TASK ITEM -> Leave out all lines before the one containing "Heren | Hoeden", and copy that line and all the rest below it exactly.

*** Begin section ***

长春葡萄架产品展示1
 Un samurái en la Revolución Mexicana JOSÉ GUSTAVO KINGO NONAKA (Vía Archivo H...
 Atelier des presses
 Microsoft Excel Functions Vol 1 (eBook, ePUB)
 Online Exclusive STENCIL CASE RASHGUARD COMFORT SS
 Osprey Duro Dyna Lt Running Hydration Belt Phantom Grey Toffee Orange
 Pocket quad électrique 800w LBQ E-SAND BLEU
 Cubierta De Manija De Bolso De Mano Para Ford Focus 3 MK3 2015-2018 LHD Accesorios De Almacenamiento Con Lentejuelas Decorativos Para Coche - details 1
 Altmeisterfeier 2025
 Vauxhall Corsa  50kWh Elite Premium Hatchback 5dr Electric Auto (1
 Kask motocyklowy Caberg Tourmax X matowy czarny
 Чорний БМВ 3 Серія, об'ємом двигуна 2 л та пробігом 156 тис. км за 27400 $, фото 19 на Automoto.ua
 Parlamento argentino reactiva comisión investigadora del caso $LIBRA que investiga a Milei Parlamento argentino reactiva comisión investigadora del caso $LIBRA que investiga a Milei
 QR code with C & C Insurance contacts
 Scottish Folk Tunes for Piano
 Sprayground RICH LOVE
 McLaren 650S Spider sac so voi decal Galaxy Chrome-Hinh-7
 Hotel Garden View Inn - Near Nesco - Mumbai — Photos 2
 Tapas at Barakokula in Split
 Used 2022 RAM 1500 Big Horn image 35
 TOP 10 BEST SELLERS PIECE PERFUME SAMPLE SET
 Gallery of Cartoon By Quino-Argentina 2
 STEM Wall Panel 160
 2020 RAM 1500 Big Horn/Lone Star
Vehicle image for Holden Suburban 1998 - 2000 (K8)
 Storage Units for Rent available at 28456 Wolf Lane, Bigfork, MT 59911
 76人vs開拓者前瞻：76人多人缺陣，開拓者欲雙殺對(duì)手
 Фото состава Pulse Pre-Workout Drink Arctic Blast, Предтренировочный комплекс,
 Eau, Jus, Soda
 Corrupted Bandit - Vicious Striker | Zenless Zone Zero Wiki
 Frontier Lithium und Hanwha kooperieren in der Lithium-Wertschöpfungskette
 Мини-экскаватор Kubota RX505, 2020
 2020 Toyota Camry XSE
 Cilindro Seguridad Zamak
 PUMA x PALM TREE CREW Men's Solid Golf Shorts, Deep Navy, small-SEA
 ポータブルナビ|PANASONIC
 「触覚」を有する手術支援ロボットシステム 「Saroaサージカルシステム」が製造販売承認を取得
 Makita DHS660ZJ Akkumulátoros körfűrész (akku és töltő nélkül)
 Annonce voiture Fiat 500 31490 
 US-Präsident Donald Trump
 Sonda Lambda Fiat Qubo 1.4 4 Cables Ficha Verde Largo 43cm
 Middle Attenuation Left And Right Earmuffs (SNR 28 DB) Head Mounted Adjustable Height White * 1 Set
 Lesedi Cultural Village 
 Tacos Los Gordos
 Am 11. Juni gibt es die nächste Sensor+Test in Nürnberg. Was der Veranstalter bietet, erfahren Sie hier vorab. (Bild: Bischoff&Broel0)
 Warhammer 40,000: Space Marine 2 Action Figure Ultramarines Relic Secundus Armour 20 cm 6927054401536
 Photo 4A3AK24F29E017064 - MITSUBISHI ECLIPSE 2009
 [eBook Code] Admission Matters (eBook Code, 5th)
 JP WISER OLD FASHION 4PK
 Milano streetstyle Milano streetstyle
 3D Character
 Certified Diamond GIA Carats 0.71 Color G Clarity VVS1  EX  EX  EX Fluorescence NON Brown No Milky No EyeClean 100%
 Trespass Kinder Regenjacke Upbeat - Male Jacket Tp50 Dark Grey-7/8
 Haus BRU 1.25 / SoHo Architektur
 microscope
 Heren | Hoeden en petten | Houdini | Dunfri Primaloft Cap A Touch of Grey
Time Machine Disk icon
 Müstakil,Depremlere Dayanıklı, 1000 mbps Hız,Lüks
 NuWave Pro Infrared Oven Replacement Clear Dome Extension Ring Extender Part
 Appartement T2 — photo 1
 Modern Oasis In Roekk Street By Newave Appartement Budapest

*** End section ***

EXERCISE ANSWER ->
 Heren | Hoeden en petten | Houdini | Dunfri Primaloft Cap A Touch of Grey
Time Machine Disk icon
 Müstakil,Depremlere Dayanıklı, 1000 mbps Hız,Lüks
 NuWave Pro Infrared Oven Replacement Clear Dome Extension Ring Extender Part
 Appartement T2 — photo 1
 Modern Oasis In Roekk Street By Newave Appartement Budapest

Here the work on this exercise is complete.